━━━━━ Material to process ━━━━━

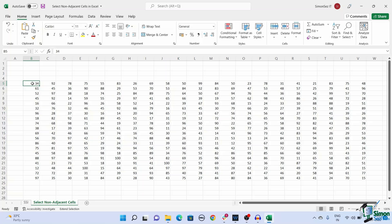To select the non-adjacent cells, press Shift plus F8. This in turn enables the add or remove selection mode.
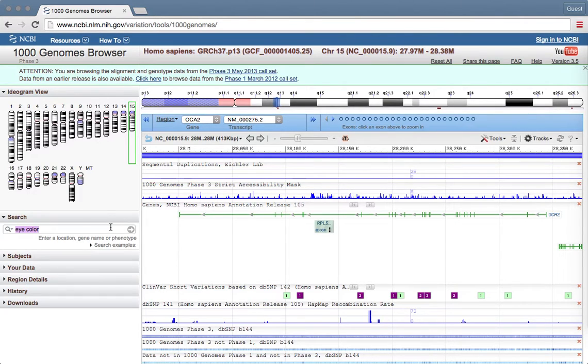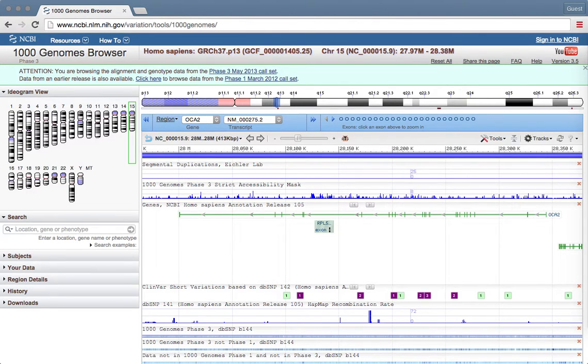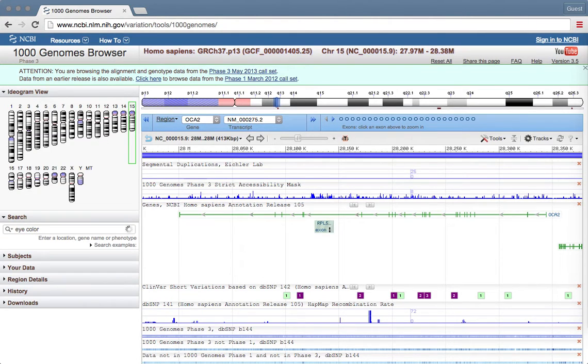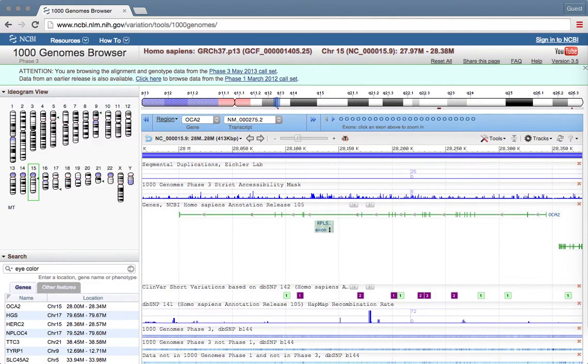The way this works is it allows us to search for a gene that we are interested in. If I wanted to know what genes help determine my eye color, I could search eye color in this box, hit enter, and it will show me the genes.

━━━━━
━━━━━ Material to process ━━━━━

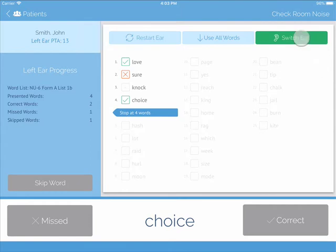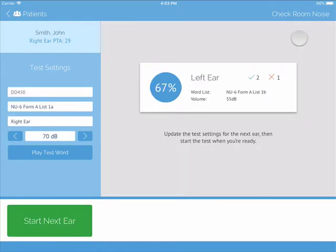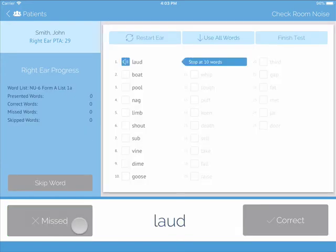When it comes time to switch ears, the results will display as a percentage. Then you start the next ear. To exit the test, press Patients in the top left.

━━━━━
━━━━━ Material to process ━━━━━

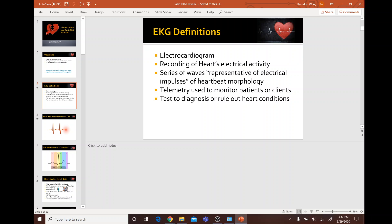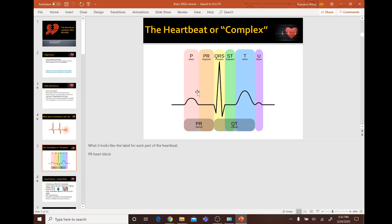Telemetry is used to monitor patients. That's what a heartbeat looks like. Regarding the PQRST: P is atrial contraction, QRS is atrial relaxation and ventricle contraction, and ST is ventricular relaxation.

━━━━━

Word for word, retype the lines in the entries above that run from the one with "To select the" through the one with "The way this". Both ends count; pictures do not.

To select the non-adjacent cells, press Shift plus F8. This in turn enables the add or remove selection mode.
The way this works is it allows us to search for a gene that we are interested in. If I wanted to know what genes help determine my eye color, I could search eye color in this box, hit enter, and it will show me the genes.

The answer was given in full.